Weekly photo challenge: Contrast

‘Egyptian graves’ is the caption below this photo in the album my father brought back from Cairo in 1942.  There is a contrast between grave styles:  some like theirs pyramidal and reaching up to the sky from the open desert, others prefer to stay close to the ground, in the shade of a tree.

P.S.  After submitting this photo for the ‘contrast’ challenge, I did some research about the graves in the foreground and responded to Laura’s comment below.  I learned that they are in a modern Muslim cemetery built over the site of the quarry where some of the pyramid blocks came from.  Since the time of this photo, 70 years ago, a wall has been built around the cemetery, hiding it from pyramid tourists.

I also discovered that the structure on the left of the photo is the pyramid tomb of Queen Khentkawes (c 4th Dynasty) built on top of a cube of rock which remained after blocks had been cut for the larger pyramids.

Egyptian graves, 1942

14 Replies to “Weekly photo challenge: Contrast”

  1. Thanks.

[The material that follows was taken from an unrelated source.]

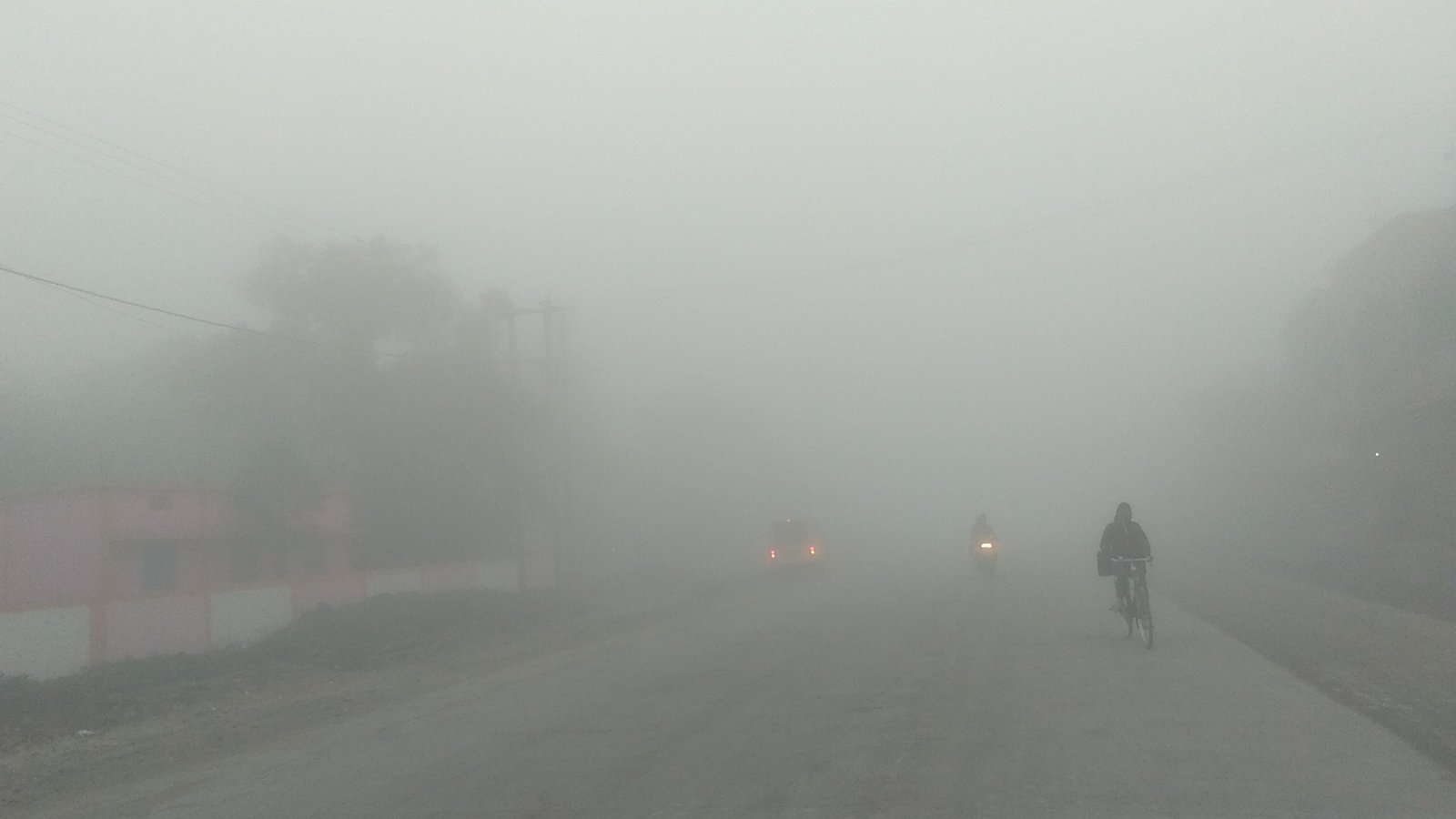 हिंदी समाचार |कोहरे से ढकी सुबह, लाइट जलाकर...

I needed to find a contrast that wasn’t about dark vs light, since all the photos I’m submitting for this challenge are black and white. This one amused me, with its very different types of graves in the one shot.

  2. So interesting. I wonder what determined the grave ‘style’. Was it social class? Kings in the pyramids and ordinary citizens closer to the ground? Your father’s photos are truly a treasure.

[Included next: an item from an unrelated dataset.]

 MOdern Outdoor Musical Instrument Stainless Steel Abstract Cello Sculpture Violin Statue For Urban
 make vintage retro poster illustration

  3. The ordinary citizens closer to the ground died quite recently, by comparison. The graves in the foreground are in a modern Muslim cemetery, built on the quarry of the pyramids, so I read. On the left is the pyramid tomb of Queen Khentkawes, officially discovered in the 1930s, a decade before this photo was taken.

  4. If you go there, take a photo from this modern cemetery so I can see how much has changed in 70 years. Though, from recent photos I saw on Google images, there’s a wall built around the cemetery now so it might be no longer possible.